Auch die Charakterkonzepte müssen nicht so eng sein, wie man vielleicht denkt - wenn einer 10 Jahre am Stück seinen Rondra-Geweihten oder Zwergen-Rigger spielen kann, dann kann ich auch 10 Jahre meinen Michaeliten spielen. Auch Engel haben Hobbies, Träume, eine Vergangenheit im Himmel, Interessen und Gefühle... mit anderen Worten: Spieler hissen Flaggen und Charaktere schicken Kicker ins Renne...
Ich habe in einigen anderen Diskussionen bereits gelesen, dass es für Spielleiter oft bereits ein Ärgernis ist, wenn sich Spieler von ihrem grundsätzlichen Misstrauen gegenüber der Institution Kirche nicht lösen können und so schon zu rebellieren beginnen, ohne das sich für sie ein konkreter Grund im Spiel darstellt. Wenn das schon der Fall ist, wie schwer ist es dann erst einen so großen Hintergrund aus zu blenden und die "Naiven" zu spielen?
Mach den Spielern vielmehr klar, dass die Angeliten "die Guten" sind - insgesamt hat diese Organisation im Gegensatz zur katholischen Kirche, mit der sie gerne verglichen wird, auch einiges voraus: sie kümmert sich stark um ihre Schäfchen. Die meisten Kirchentreuen sind Idealisten und leben danach.

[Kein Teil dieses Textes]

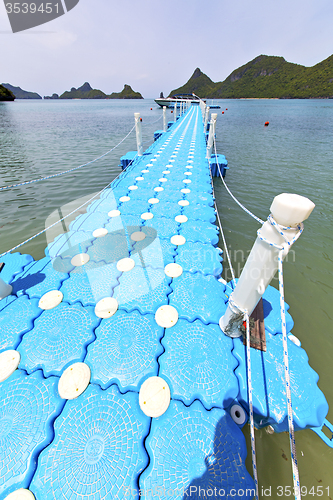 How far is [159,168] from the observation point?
6348 mm

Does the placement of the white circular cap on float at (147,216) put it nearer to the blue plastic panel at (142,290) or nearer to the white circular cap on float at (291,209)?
the blue plastic panel at (142,290)

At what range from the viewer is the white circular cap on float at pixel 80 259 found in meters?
3.06

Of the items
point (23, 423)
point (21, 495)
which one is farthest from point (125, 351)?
point (21, 495)

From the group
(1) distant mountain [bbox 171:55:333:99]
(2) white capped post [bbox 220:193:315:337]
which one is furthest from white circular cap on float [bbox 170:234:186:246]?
(1) distant mountain [bbox 171:55:333:99]

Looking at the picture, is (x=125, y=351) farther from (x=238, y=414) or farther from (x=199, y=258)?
(x=199, y=258)

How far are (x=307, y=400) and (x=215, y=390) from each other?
2.78 feet

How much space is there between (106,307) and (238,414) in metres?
1.79

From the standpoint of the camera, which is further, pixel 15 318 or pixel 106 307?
pixel 106 307

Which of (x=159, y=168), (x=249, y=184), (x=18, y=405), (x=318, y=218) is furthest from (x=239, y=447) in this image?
(x=249, y=184)

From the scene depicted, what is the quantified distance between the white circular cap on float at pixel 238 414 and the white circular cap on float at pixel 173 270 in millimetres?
1629

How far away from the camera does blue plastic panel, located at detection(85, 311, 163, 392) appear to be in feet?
6.10

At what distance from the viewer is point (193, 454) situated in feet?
4.87

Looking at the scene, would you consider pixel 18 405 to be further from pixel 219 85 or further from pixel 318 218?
pixel 219 85

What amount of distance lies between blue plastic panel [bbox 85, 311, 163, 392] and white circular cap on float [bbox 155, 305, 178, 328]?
6cm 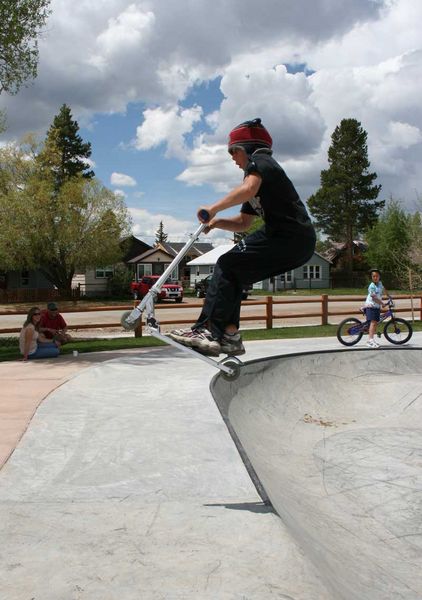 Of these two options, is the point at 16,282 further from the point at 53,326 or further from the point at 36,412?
the point at 36,412

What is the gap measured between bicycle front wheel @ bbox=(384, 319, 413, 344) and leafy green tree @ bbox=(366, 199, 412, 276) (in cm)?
4528

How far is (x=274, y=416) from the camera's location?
713 centimetres

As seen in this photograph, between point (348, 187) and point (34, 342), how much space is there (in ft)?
191

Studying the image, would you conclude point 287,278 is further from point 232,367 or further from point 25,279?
point 232,367

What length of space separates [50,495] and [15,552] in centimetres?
77

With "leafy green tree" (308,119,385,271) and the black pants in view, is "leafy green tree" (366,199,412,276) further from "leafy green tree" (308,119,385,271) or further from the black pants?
the black pants

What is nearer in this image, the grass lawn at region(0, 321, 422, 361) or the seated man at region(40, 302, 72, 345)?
the seated man at region(40, 302, 72, 345)

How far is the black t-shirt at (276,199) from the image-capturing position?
3.65 m

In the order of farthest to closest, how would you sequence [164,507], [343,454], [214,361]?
[343,454] < [214,361] < [164,507]

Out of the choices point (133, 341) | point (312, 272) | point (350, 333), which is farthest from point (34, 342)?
point (312, 272)

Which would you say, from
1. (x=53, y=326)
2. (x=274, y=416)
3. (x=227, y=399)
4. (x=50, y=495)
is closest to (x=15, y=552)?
(x=50, y=495)

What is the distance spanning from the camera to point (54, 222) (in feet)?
128

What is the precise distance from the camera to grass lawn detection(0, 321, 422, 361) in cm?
1280

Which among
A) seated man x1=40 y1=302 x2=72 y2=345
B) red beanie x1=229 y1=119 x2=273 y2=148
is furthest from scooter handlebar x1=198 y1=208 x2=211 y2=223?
seated man x1=40 y1=302 x2=72 y2=345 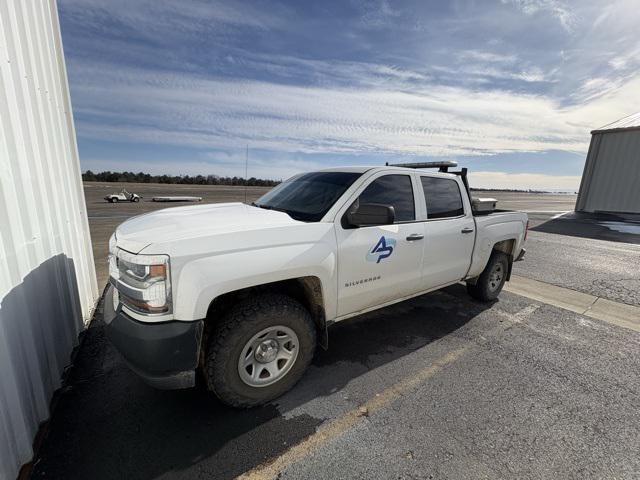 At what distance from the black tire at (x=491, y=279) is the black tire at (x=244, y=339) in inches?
123

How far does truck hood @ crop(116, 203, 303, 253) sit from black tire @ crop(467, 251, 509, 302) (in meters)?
Result: 3.33

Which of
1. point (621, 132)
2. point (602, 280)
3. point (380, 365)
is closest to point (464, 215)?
point (380, 365)

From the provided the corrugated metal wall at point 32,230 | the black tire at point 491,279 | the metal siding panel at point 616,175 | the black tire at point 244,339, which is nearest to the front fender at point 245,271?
the black tire at point 244,339

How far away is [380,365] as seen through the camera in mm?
3119

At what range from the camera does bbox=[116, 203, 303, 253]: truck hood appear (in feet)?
6.82

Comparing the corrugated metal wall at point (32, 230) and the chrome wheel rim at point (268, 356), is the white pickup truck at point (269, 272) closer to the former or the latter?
the chrome wheel rim at point (268, 356)

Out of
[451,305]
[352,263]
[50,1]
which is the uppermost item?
[50,1]

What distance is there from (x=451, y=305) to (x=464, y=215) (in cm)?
146

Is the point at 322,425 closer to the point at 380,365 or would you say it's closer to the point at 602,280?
the point at 380,365

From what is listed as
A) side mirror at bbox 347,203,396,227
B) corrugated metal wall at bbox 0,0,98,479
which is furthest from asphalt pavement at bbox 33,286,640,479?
side mirror at bbox 347,203,396,227

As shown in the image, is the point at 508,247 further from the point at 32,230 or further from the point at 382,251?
the point at 32,230

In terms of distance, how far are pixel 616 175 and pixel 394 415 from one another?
22345mm

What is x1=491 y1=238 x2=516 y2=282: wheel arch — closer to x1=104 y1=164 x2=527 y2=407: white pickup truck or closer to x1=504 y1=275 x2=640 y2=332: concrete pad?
x1=504 y1=275 x2=640 y2=332: concrete pad

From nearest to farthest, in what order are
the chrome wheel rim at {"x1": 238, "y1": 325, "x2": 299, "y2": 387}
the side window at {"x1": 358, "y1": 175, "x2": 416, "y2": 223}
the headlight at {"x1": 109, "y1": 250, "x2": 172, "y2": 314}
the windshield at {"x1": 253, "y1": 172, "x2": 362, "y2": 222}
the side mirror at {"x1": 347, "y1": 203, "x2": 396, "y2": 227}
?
the headlight at {"x1": 109, "y1": 250, "x2": 172, "y2": 314}, the chrome wheel rim at {"x1": 238, "y1": 325, "x2": 299, "y2": 387}, the side mirror at {"x1": 347, "y1": 203, "x2": 396, "y2": 227}, the windshield at {"x1": 253, "y1": 172, "x2": 362, "y2": 222}, the side window at {"x1": 358, "y1": 175, "x2": 416, "y2": 223} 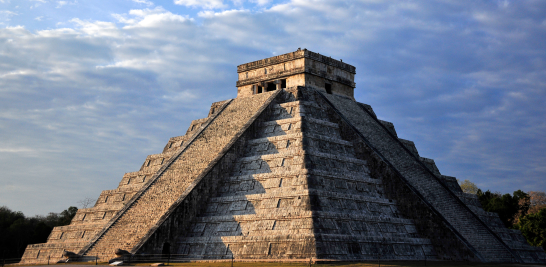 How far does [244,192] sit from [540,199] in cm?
4939

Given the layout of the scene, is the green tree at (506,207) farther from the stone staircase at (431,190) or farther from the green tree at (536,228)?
the stone staircase at (431,190)

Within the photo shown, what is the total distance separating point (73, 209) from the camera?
5325cm

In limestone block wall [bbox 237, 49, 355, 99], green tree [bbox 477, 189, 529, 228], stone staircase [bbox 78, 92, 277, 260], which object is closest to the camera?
stone staircase [bbox 78, 92, 277, 260]

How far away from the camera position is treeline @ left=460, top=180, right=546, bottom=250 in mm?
34688

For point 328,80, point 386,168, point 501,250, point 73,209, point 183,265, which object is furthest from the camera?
point 73,209

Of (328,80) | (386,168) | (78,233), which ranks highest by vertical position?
(328,80)

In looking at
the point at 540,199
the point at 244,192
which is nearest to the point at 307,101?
the point at 244,192

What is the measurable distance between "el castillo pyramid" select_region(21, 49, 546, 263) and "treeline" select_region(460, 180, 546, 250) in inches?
389

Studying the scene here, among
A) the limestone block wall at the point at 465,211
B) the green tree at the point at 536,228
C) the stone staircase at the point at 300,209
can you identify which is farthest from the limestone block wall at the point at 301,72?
the green tree at the point at 536,228

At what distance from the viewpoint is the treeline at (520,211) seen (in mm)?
34688

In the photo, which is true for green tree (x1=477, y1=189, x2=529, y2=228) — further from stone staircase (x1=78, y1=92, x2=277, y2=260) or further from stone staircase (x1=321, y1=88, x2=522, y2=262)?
stone staircase (x1=78, y1=92, x2=277, y2=260)

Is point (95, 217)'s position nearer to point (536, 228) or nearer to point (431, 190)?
point (431, 190)

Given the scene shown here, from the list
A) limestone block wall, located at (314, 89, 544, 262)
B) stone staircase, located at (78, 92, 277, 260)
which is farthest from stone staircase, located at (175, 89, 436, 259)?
limestone block wall, located at (314, 89, 544, 262)

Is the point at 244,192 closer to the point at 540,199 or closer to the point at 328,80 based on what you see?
the point at 328,80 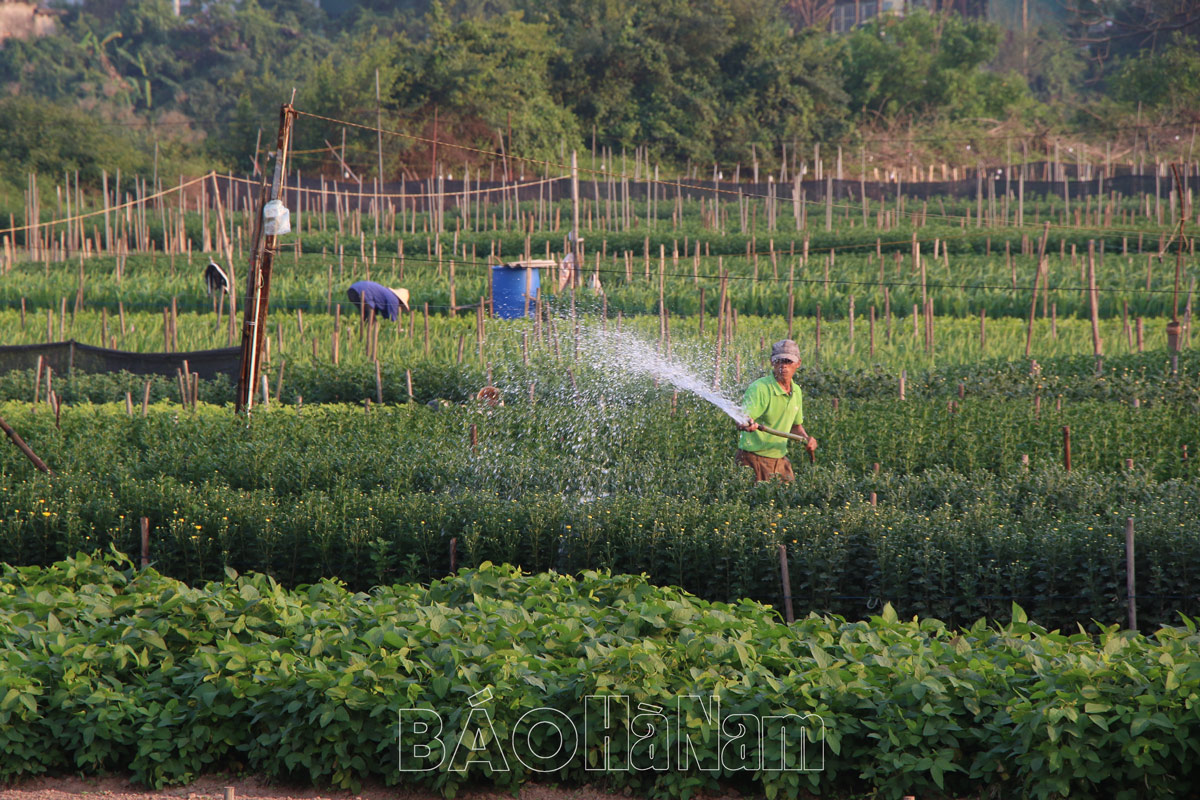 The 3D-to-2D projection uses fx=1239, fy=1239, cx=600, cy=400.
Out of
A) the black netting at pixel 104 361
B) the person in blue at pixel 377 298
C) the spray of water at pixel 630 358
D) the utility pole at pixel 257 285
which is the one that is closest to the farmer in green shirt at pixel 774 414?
the spray of water at pixel 630 358

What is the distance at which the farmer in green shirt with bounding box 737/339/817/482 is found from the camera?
8.98 m

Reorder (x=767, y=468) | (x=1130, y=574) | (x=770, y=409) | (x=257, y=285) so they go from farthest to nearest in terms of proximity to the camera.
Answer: (x=257, y=285) < (x=767, y=468) < (x=770, y=409) < (x=1130, y=574)

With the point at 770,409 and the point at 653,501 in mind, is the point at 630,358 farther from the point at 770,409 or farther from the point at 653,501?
the point at 653,501

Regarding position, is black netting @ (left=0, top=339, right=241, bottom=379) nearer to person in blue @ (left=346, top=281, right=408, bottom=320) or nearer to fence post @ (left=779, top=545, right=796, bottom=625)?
person in blue @ (left=346, top=281, right=408, bottom=320)

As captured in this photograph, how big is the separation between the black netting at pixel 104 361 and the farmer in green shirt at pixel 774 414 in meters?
8.67

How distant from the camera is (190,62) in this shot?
185ft

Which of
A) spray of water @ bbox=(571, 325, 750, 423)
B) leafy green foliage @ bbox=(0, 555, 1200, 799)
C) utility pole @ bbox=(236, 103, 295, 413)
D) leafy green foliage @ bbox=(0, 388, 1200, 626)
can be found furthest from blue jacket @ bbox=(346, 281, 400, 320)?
leafy green foliage @ bbox=(0, 555, 1200, 799)

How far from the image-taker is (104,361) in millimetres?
16078

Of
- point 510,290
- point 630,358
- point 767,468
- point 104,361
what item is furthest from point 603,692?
point 510,290

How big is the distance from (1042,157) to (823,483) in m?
41.4

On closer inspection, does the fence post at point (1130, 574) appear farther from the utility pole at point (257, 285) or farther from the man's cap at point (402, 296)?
the man's cap at point (402, 296)

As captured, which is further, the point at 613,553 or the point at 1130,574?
the point at 613,553

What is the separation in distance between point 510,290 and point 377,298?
7.89 ft

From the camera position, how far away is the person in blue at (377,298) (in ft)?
62.7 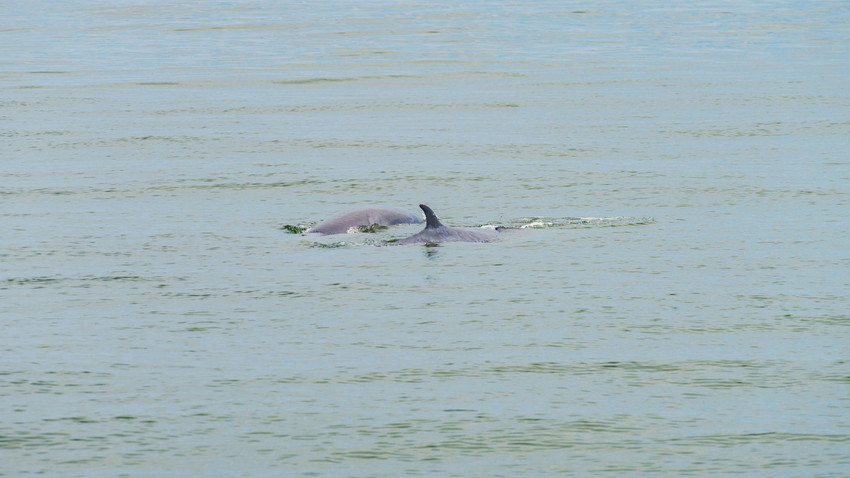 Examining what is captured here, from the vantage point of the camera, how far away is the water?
847cm

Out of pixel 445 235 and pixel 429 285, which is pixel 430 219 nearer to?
pixel 445 235

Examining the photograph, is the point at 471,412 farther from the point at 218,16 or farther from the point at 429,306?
the point at 218,16

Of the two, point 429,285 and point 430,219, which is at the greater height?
point 430,219

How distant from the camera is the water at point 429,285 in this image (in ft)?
27.8

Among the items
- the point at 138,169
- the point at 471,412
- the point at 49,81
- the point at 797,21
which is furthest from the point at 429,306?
the point at 797,21

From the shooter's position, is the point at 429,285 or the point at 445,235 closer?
the point at 429,285

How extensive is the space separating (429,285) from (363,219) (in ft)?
8.12

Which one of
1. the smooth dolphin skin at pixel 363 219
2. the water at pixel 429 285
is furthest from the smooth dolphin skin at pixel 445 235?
the smooth dolphin skin at pixel 363 219

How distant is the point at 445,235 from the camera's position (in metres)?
14.1

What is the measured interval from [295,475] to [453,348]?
2706 mm

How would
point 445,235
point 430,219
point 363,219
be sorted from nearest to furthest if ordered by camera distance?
1. point 430,219
2. point 445,235
3. point 363,219

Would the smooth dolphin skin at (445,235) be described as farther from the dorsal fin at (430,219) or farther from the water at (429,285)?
the water at (429,285)

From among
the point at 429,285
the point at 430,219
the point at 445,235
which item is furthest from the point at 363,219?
the point at 429,285

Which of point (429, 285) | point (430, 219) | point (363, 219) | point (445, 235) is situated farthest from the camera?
point (363, 219) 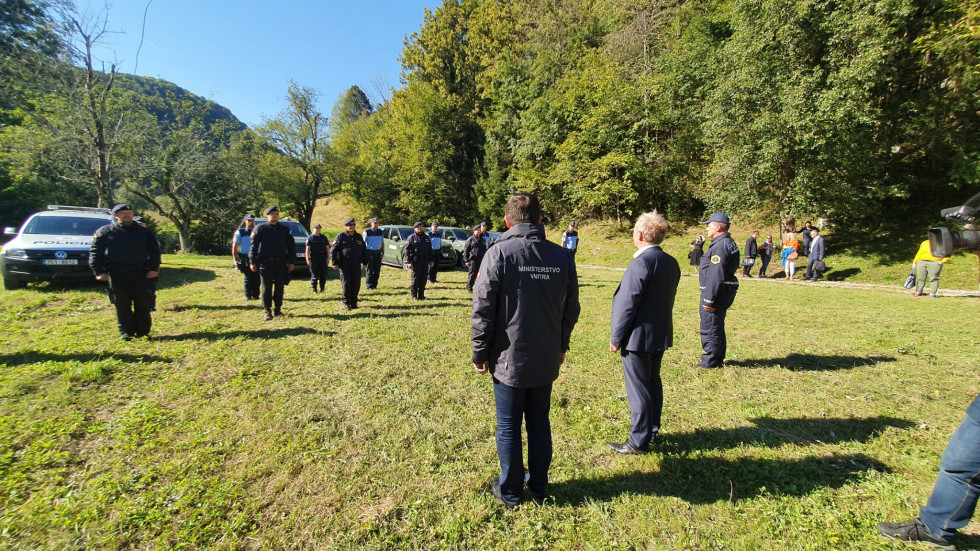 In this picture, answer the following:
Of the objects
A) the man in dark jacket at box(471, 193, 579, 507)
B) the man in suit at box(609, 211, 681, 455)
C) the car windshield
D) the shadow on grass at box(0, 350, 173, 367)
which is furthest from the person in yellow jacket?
the car windshield

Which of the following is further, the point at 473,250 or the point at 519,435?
the point at 473,250

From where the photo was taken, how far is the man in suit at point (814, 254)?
13.2m

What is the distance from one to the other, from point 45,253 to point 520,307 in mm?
11429

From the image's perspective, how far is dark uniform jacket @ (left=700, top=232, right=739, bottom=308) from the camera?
456cm

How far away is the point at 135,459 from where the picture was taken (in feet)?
9.39

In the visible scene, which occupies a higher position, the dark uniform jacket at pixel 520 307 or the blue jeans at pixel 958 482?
the dark uniform jacket at pixel 520 307

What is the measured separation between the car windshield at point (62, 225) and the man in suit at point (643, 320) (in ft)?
41.0

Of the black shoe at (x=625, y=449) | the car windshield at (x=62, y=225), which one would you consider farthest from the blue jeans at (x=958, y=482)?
the car windshield at (x=62, y=225)

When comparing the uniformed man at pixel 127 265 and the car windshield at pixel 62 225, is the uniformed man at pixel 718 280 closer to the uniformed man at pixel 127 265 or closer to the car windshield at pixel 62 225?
the uniformed man at pixel 127 265

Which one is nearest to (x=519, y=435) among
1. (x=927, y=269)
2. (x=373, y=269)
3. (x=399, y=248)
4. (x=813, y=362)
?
(x=813, y=362)

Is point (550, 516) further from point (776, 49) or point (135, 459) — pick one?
point (776, 49)

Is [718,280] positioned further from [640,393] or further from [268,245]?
[268,245]

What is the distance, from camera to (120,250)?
208 inches

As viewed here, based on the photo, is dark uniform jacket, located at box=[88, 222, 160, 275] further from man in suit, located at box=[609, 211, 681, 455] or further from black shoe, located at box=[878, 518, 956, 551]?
black shoe, located at box=[878, 518, 956, 551] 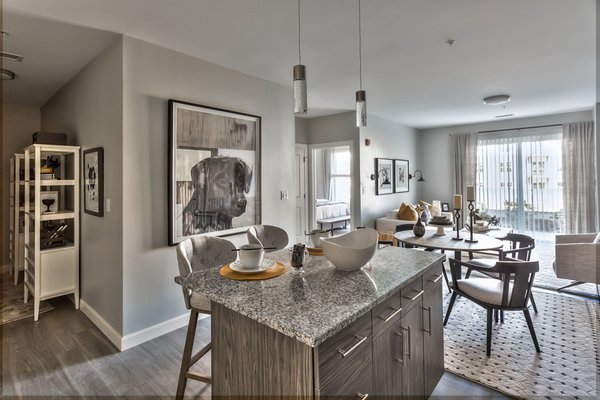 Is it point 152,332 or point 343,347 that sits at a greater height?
point 343,347

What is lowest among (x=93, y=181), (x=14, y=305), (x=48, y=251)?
(x=14, y=305)

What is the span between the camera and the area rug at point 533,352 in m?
2.03

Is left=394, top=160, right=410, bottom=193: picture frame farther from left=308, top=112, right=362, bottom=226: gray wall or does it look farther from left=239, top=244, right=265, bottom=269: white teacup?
left=239, top=244, right=265, bottom=269: white teacup

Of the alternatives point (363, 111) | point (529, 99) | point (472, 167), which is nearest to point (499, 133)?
point (472, 167)

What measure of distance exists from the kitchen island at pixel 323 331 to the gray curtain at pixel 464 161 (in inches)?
236

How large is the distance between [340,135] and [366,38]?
9.33ft

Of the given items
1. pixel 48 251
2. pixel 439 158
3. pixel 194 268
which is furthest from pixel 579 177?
pixel 48 251

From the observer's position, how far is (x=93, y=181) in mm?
2953

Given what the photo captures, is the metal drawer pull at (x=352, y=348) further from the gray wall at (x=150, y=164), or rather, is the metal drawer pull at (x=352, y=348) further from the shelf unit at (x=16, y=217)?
the shelf unit at (x=16, y=217)

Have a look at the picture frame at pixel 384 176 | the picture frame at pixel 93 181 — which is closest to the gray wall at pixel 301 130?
the picture frame at pixel 384 176

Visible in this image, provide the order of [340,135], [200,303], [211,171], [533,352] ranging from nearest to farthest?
[200,303] < [533,352] < [211,171] < [340,135]

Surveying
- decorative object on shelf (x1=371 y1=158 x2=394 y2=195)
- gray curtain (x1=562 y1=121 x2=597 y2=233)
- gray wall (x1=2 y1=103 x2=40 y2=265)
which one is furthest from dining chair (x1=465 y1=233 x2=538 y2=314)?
gray wall (x1=2 y1=103 x2=40 y2=265)

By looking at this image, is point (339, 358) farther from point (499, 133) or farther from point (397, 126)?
point (499, 133)

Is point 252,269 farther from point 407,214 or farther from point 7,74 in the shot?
point 407,214
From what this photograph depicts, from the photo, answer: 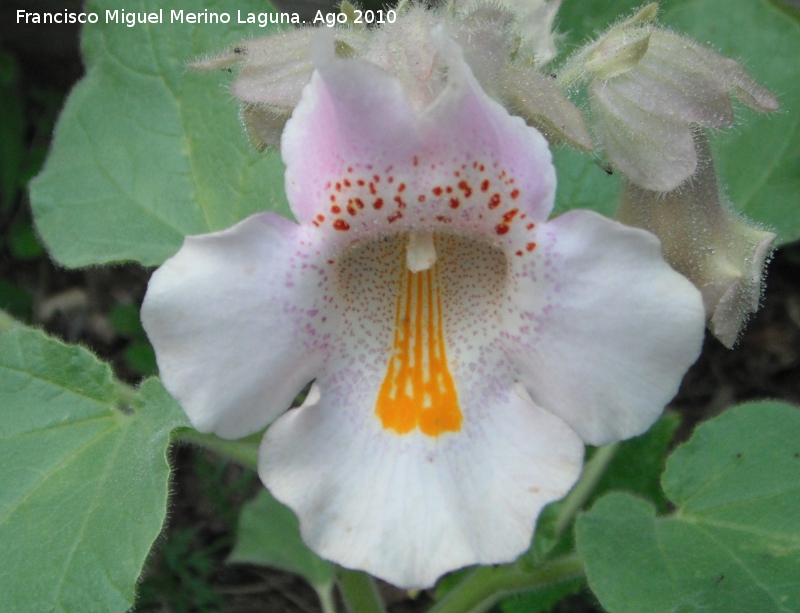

Sie bieten Menschen Schutz vor der Traumsaat, die einfach nicht aus coolen sexy Dämonen, sondern aus fünf Meter großen Blutegeln besteht. Die Bevölkerung ist mit ihrem Leben zufrieden, denn die Kirche richtet Feste aus und speist die Armen, so gut sie es kann. Gleichberechtigung wird großgeschrieben. In den Führungspositionen sitzen keine verkalkten Tattergreise sondern junge, dynamische Mitzwanziger mit einer gesunden Libido und einem Stall Kinder zuhause (allein die Erklärung, dass die Kirche nichts . Beutereiter sind nichts Schlimmes, denn sie ermöglichen von Gott gesegneten Kindern ein Leben jenseits der Angst vor dem nächsten Traumsaatangriff. Die Straßen in den Städten sind sicher. Die Menschen haben etwas, worauf sie sich stützen können. Der Pontifex ist ein dreizehnjähriger Knabe mit goldenem Haar und unglaublicher Güte. Und, wohl das wichtigste:
Leute, ihr seid,
Engel: ihr seid der lebende Beweis dafür, dass es Gott gibt und dass das angelitische System im Recht ist...
Ich würde nicht mit die "Engel ist ein düsteres Military-Setting"-Schiene fahren, denn das zerstört zwar die Zweifel, aber auch den Idealismus und die Naivität (die ich bei Engel für sehr wichtig halte) der Spieler. Lieber würde ich im Spiel die positiven Seiten der Kirche beleuchten, den strikten Militärdrill etwas lockerer sehen und vielleicht auch Teile der Ausbildung mit jedem Spieler spielen (der Nonnus oder die Nonna können als erster Kontakt der Engel auf dieser Welt schon viel zum Vertrauen der Streiter Gottes in seine Kirche beitragen.